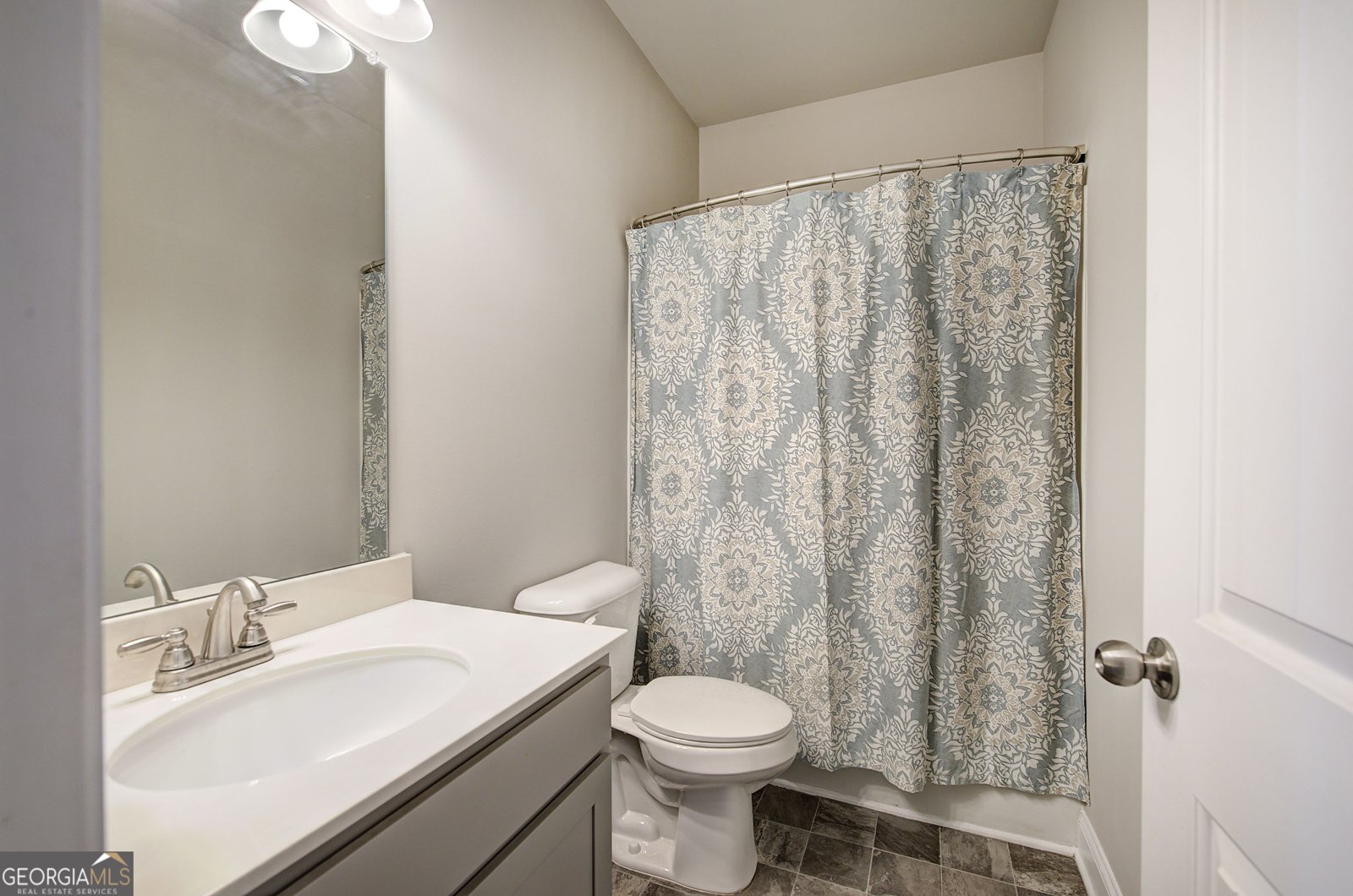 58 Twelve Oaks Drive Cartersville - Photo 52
--
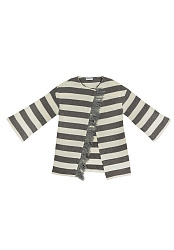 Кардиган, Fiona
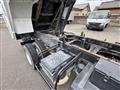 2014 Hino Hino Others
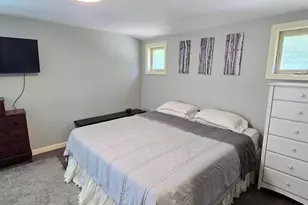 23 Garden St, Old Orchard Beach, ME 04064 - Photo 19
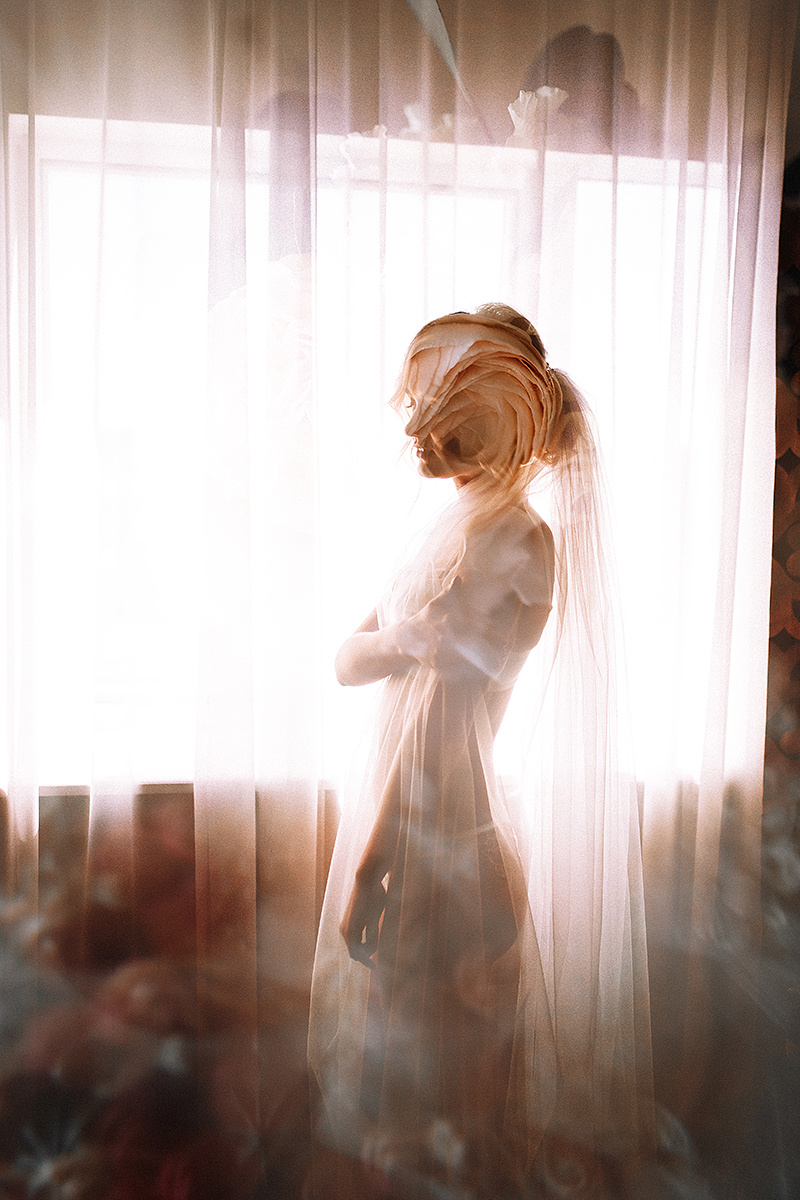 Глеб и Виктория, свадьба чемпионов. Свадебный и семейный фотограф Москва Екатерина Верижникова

* Exercise instructions *
When you reach the line holding "Кардиган, Fiona" in the listing above, begin retyping exactly, and stop once the line holding "Глеб и Виктория, свадьба" is done; pictures stay out.

* Solution to this problem *
 Кардиган, Fiona
 2014 Hino Hino Others
 23 Garden St, Old Orchard Beach, ME 04064 - Photo 19
 Глеб и Виктория, свадьба чемпионов. Свадебный и семейный фотограф Москва Екатерина Верижникова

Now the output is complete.